12話 イルミと料理
次話は21時10分投稿予定です。
しばらく歩き続け僕の住んでいるアパートへと到着する。
「ここが僕の住んでいるアパートだよ、少し古いけど」
「ナンカ、モウスグ崩れそう……」
「うっ! 確かにあちこちグラグラして不安になる時があるけど、まだ大丈夫と大家さんは言っていたから、まだ崩れないさ」
「ホント、ジャア、安心ダネ……」
本当に大丈夫かは怪しいものがある。お金が貯まったら、やはり一戸建てが欲しいな。まだ当分先だろうけど。
階段を上り、奥に向かい、部屋の鍵を開ける。
「久しぶりに帰ってきた気がするな。電気をつけるから少し待っててくれ」
「良いよ〜」
僕は壁のスイッチを押し、部屋の電気をつける。
「しまった。部屋を全く片づけてなかった……」
部屋には空き缶やカップ麺の残骸、雑誌などが散乱していた。とてもじゃないが人に見せられる部屋じゃあないな。
「ホホ〜ウ……コレガ、シオンの生活している場所なんだね、ドレドレ……」
イルミは空き缶や雑誌を手に取り興味深そうに眺め始めた。
「うわーっ! ちょっと待ってくれ! 微妙に恥ずかしいんだけど!」
「ア……オカマイナク……」
イルミは頭だけを振り向き、得意げにサムズアップを僕にしてみせる。
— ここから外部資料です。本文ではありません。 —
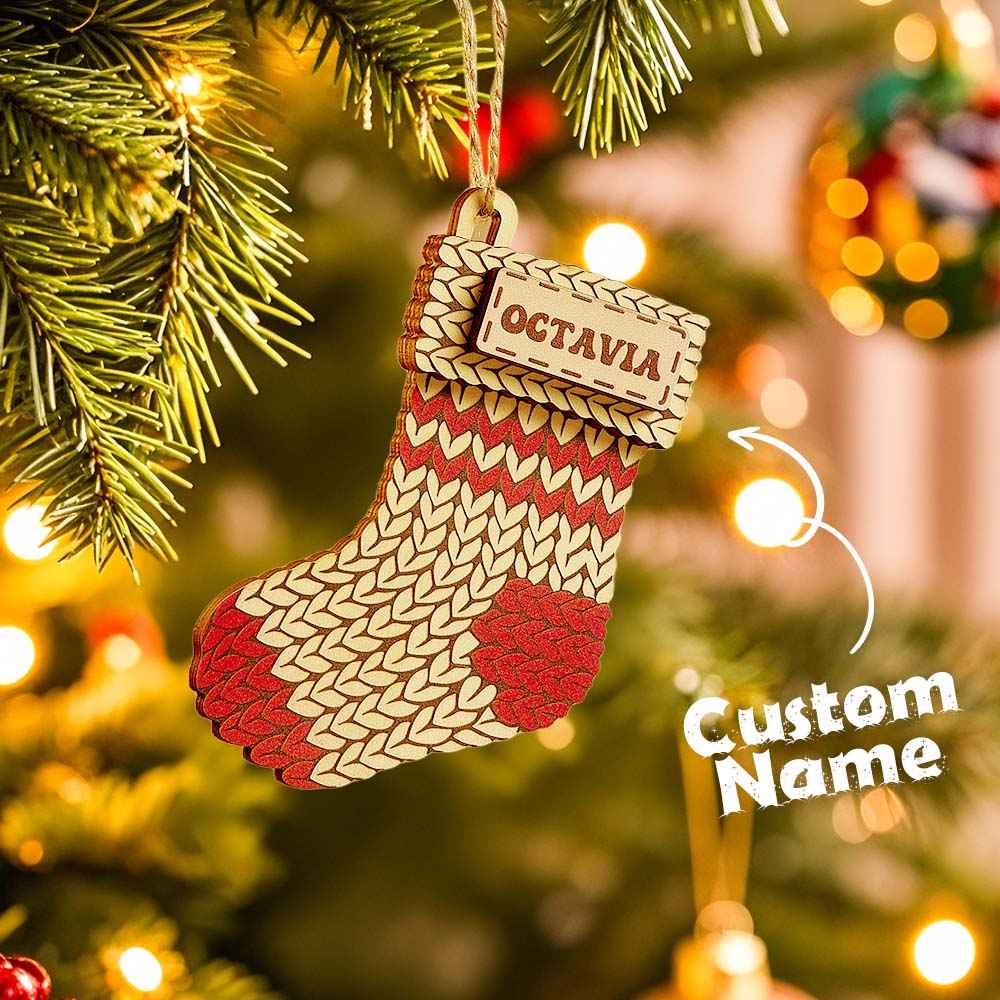 Personalized Name Winter Beanie Hat Christmas Ornament Custom Christmas Winter Mitten Stocking Sweater Ornament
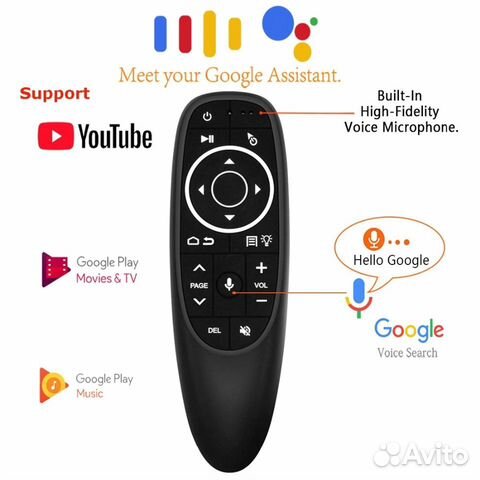 Пульт G10S Pro, подсветка, голосовой поиск, Google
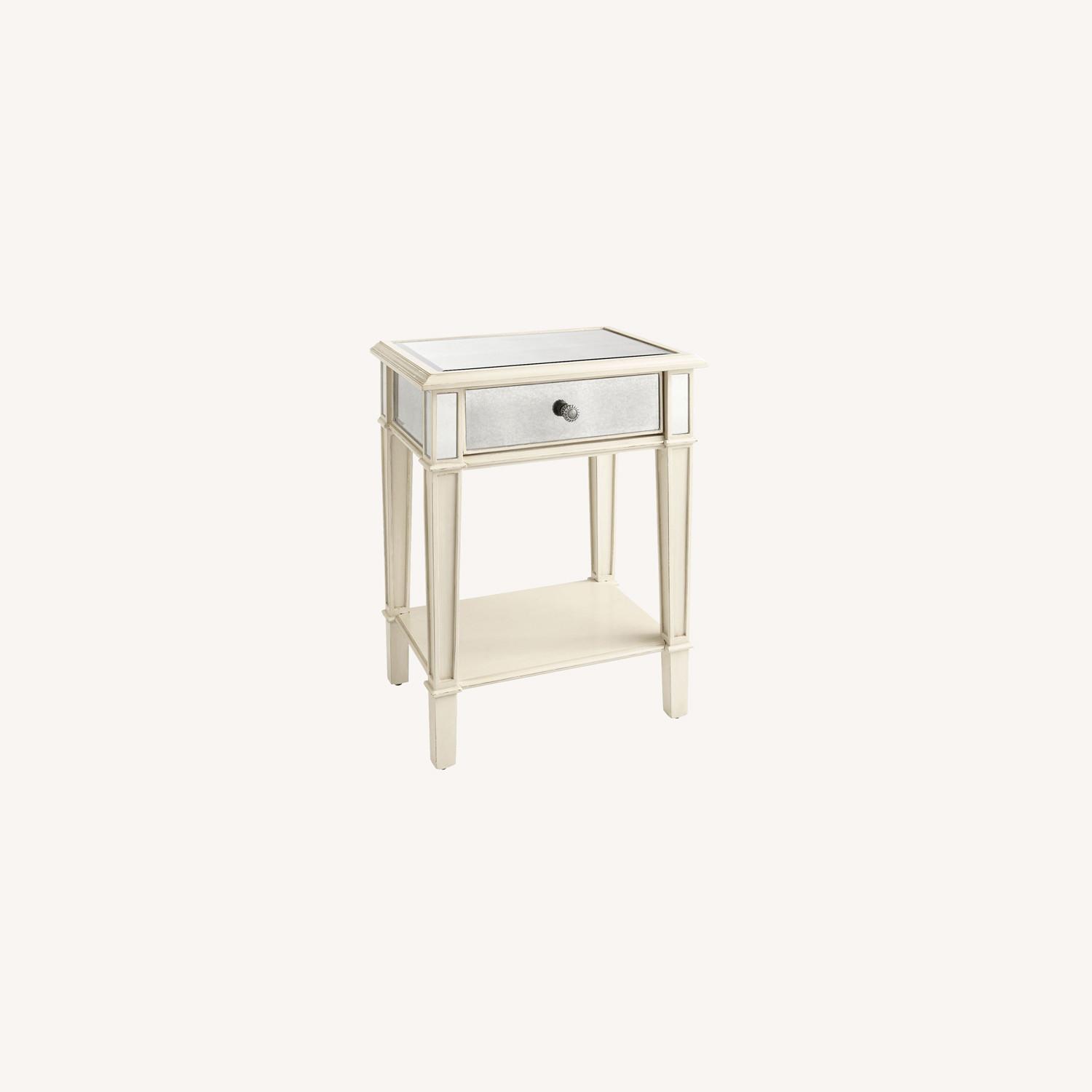 Pier 1 Hayworth Mirrored White Nightstand AptDeco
その目は秘密を探ろうと好奇に満ちた眼差しだった。
いかん! このままじゃ、マズいものまで発見されてしまう! 僕だって女の子に見られたくないものが3つや4つはあるんだ!
「よ、よし、今からさっそくトンカツを作ってあげよう!」
僕はイルミの関心を料理の方に向けようとしてみる。
「ト、トンカツ……ソウダッタ、ご飯が食べれるんだった。ソレジャア、頼もうかな……」
よし、成功だ。実際、お腹は空いたし料理の様子を見せてみたいのもあるからな、少し張り切って作ってみよう。
僕は米を洗い、水を入れて炊飯器のスイッチを押す。そのあと、味噌汁を作るため鍋に水を貯めて火にかける。
「オオ〜、ナンカ楽しそう……ワタシも一緒に料理して良いかな……?」
イルミは目を輝かせワクワクしている。
「もちろんだ、助かるよ。それじゃ、隣の棚を開けて味噌汁の素っていう袋があるから、それを持ってきて欲しい」
「任された〜」
イルミは軽快な足取りで棚を開き、味噌汁の素を手に取り持ってきてくれた。それを1パック鍋に入れるように頼み、僕はその間に小麦粉、卵、パン粉の用意をしトンカツを揚げる準備をする。
「ネ、シオン……次はどうしようか……?」
「よし、次は、豚肉に衣をつけていこう。まずはやり方を見せるから」
僕は豚肉に小麦粉をまぶし、溶き卵を潜らせ、パン粉をつけていく。
「オ、オオ〜……お肉が白く、黄色く、また白くなった……。面白そう、今度はワタシにヤラセテ〜」
イルミは両手をグーにし、目をキラキラさせて僕にせがんできた。
「ああ、頼んだよ、イルミ」
僕はイルミの作業を見守りながら鍋の様子をうかがう。大分煮立ってきたようだ。僕は鍋にタマネギ、ワカメ、豆腐を放り込み、味噌を溶かし入れる。
「ネネ、シオン、コンナモノカナ……」
イルミは衣をつけた豚肉を見せてきた。
……僕より上手い……今初めてしたばかりだというのに。
「へ、へえー、初めてにしては、凄く上手じゃあないか……」
僕は動揺を悟られないように僅かに尊大に振る舞う。
嬉しいことではあるが、何もかもあっという間に追い越されるかもと思うと内心、少し対抗意識が生まれてきたようだ。張り合ってどうするんだと突っ込まれそうだけど。
「フフフ……シオンから焦りを感じるよ……ワタシがアンマリに上手なもんだから動揺してるのかな……?」
イルミは僕の動揺を見破り、またもやドヤ顔をしている。
「バ、バレた!? おかしいな……気取られないように話したつもりなんだけど、実は僕の心、読めてるんじゃあないか?」
「顔と動きに出るから、トテモ分かりやすいよ……」
「な、なんてこった……」
僕はうろたえ、その様子を見てイルミは優しく微笑んでくれていた。
……こんな時間は初めてだ……女の子と一緒に料理をし、談笑しながら過ごすなんて。凄く楽しいし、安らぐし、満たされる、この感覚……。
少しオーバーだろうか? でも、改めて意識すると、沸き上がる高揚感と安堵感、満足感と全能感で一杯になりそうになる。
僕は舞い上がる自分を落ち着かせながら、イルミと料理を再開する。